Kapitel 5
„Hey, Amby Bamby, wie fühlst du dich?“ fragt Axel, der neue Beta, als er mich hochhebt. Axel war der zweite Beta, den mein Vater ausgewählt und ausgebildet hatte. Er ist wie ein Onkel für mich, und ich kann nicht anders, als mich an ihn zu klammern und meinen Kopf an seiner Schulter zu vergraben.

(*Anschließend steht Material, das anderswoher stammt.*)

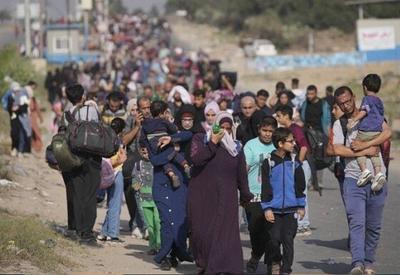 Em meio a críticas, Israel começa preparativos para a retirada de palestinos de Gaza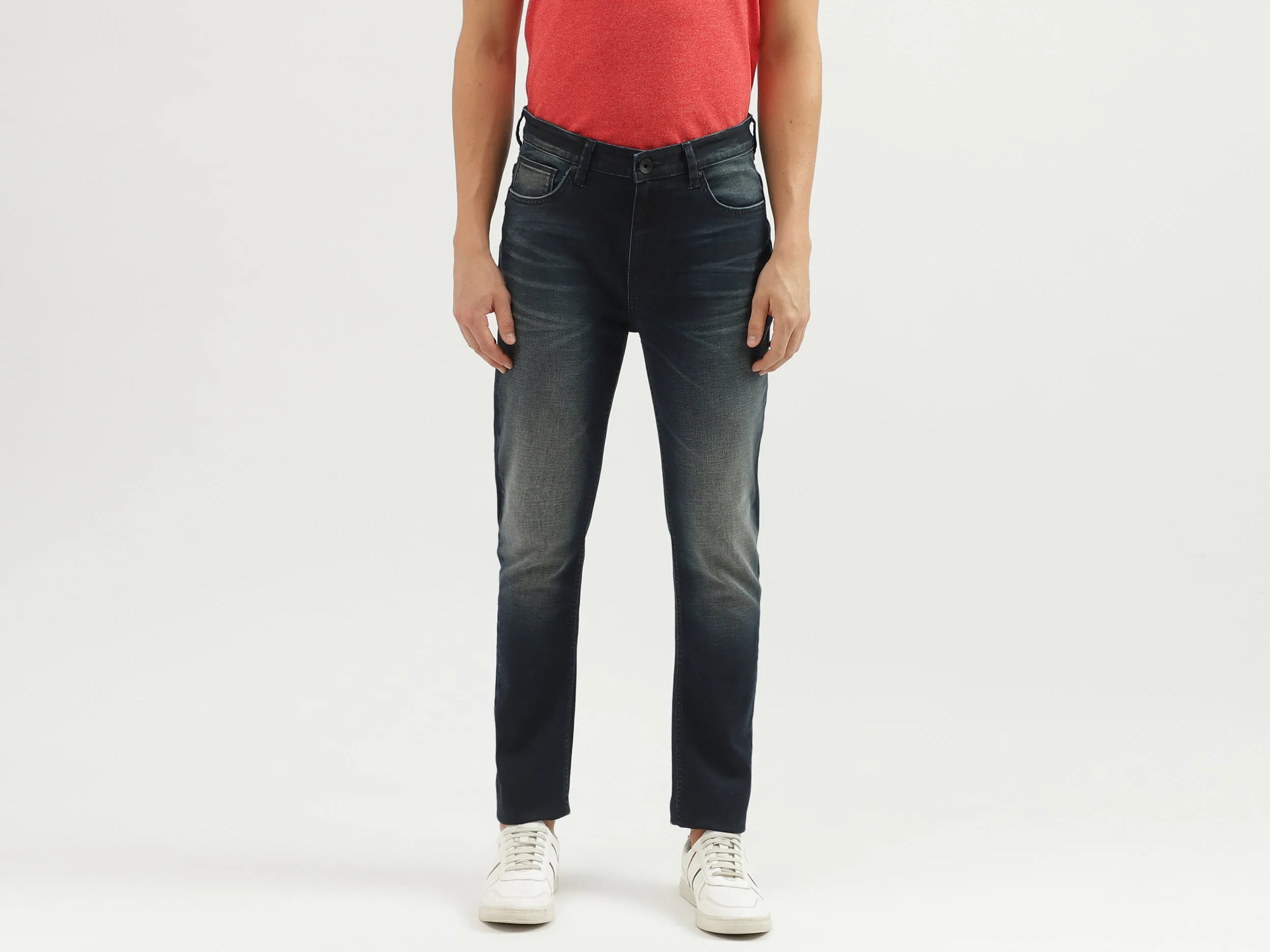 Carrot Fit Solid Men's Jeans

„Ich verstehe.“ Er seufzt. Mein Schweigen und meine Reaktion sagen genug, während er mir langsam den Rücken reibt. Axel schließt sich Alpha Blue und mir an, zusammen mit ein paar anderen vertrauenswürdigen Wölfen, um alles zu packen, bevor Mia und Zack hier ankommen. Es beruhigt mich, ihn in der Nähe zu haben. Er trägt mich den Rest des Weges zum Haus, spricht dabei mit Alpha Blue, setzt mich an der Haustür ab und überlässt mir die Führung, was getan werden muss.
„Können wir mit meinem Zimmer anfangen?“ frage ich zögernd an der offenen Tür.
„Wir können alles machen, was du willst, Süße.“ Axel lächelt, wuschelt mir durch die Haare und gibt mir einen kleinen Schubs. Ich führe die Wölfe zu meinem Zimmer und komme an Zacks und Mias vorbei. Ihre leeren Räume führen mir vor Augen, dass ich jetzt allein bin, und eine kleine Träne rollt mir über die Wange.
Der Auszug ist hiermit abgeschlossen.